Files: mygallery.apk
Setting up an emulator
How to choose the emulator
To know which type of device can execute the app, you just have to open it in jadx-gui
and search for minsdk
value in the Manifest.xml.
To know the arch, in the folder lib, there are all arch supported. In our case x86
So for this challenge we need an Android device with Oreo or higher in x86.

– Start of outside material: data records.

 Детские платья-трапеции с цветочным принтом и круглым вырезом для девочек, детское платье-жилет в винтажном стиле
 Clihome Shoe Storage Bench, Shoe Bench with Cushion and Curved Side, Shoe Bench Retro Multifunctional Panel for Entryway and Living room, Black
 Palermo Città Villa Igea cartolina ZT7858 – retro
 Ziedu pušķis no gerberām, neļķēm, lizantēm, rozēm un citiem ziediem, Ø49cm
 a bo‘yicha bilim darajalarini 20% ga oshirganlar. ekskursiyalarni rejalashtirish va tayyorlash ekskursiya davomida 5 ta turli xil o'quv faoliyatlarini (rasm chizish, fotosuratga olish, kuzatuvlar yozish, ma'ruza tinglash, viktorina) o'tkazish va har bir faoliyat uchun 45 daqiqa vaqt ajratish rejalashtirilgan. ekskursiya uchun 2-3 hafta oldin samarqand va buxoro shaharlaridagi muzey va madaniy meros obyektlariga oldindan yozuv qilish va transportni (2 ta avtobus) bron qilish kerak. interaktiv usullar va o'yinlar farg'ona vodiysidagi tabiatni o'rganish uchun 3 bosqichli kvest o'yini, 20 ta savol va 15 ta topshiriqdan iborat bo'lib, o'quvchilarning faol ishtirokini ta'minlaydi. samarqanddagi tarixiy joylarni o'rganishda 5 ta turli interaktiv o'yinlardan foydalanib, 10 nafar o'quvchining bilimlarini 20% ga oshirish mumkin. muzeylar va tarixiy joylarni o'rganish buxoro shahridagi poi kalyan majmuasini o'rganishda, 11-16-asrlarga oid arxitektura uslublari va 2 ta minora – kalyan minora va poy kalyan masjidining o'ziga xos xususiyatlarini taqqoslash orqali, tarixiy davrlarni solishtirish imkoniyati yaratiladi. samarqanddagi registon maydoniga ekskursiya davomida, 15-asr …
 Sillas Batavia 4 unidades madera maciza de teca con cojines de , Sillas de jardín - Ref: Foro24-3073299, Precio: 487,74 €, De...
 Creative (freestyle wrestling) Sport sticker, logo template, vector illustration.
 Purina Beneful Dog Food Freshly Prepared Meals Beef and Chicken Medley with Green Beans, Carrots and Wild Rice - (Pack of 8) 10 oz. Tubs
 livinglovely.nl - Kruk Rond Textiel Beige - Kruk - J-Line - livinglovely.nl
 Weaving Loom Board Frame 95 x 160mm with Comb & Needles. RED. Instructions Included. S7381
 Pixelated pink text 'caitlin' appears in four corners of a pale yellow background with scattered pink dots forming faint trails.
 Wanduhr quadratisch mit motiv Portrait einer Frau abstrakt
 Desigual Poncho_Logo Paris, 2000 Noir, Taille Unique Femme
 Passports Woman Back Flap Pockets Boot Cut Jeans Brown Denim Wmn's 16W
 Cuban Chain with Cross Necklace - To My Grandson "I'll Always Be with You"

But the application, still doesn’t fully launch.
Bypass anti-root
In the code, we can quickly spot an anti-root dectection
private static boolean k() {
for (String file : new String[]{"/system/app/Superuser.apk", "/sbin/su", "/system/bin/su", "/system/xbin/su", "/data/local/xbin/su", "/data/local/bin/su", "/system/sd/xbin/su", "/system/bin/failsafe/su", "/data/local/su", "/su/bin/su"}) {
if (new File(file).exists()) {
Process.killProcess(Process.myPid());
}
}
return false;
}
If this code detect that you have common binary installed on your device, it kills the current process.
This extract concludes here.